American businessman

John Hull Dobbs Jr is an American businessman who is the former president of Dobbs Equity Partners LLC of Memphis, Tennessee. He is the son of John Hull Dobbs Sr, and grandson of James K. Dobbs, who owned car dealerships and restaurant and airline catering businesses.

==Early life==
Dobbs graduated from the private Memphis University School in 1985. He earned a bachelor's degree from Duke University, and an MBA from the University of North Carolina Kenan-Flagler Business School.

==Career==
In 1998, the Dobbs Automotive Group was the third-largest car dealer in the US when it sold its 22 dealerships to AutoNation for $200 million in stock.

== Philanthropy ==
John and Katherine Dobbs are philanthropists known for funding educational initiatives. In 2012, The Children's Museum of Memphis named their campus "The John and Katherine Dobbs Family Center" following a donation from the couple.  Further contributions to exhibits at the museum include the H2Oh! Splash Park, a water park designed to promote problem solving and language development.
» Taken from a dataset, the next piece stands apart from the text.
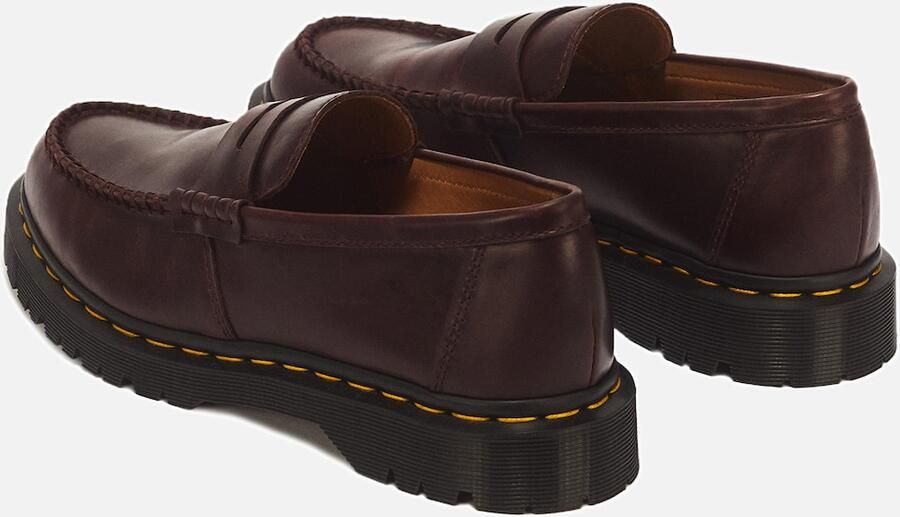 Dr. Martens Instappers 'Penton Ben' cognac - Foto 4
Katherine and John also funded the educational farm at Hutchison School for Girls. The farm augments academic studies on topics such as the human impact on animal habitats and deforestation.

==Personal life==
Dobbs has always lived in Memphis, is married to Katherine Stobbs from Atlanta, and as of 2011 they had two children. They have donated to the Hutchison School, and they have two daughters enrolled there.

On January 5, 2021, Dobbs flew some of his friends from Memphis to Washington, DC, on his eight-seat Bombardier Challenger 300 private jet, allegedly in connection with a Stop the Steal rally. The passengers were Dobbs, George Zanone III, Carter Campbell Sr., Vince Smith and his wife, Kaki Valerius Smith, brothers Dan and Bob McEwan, and an unidentified man.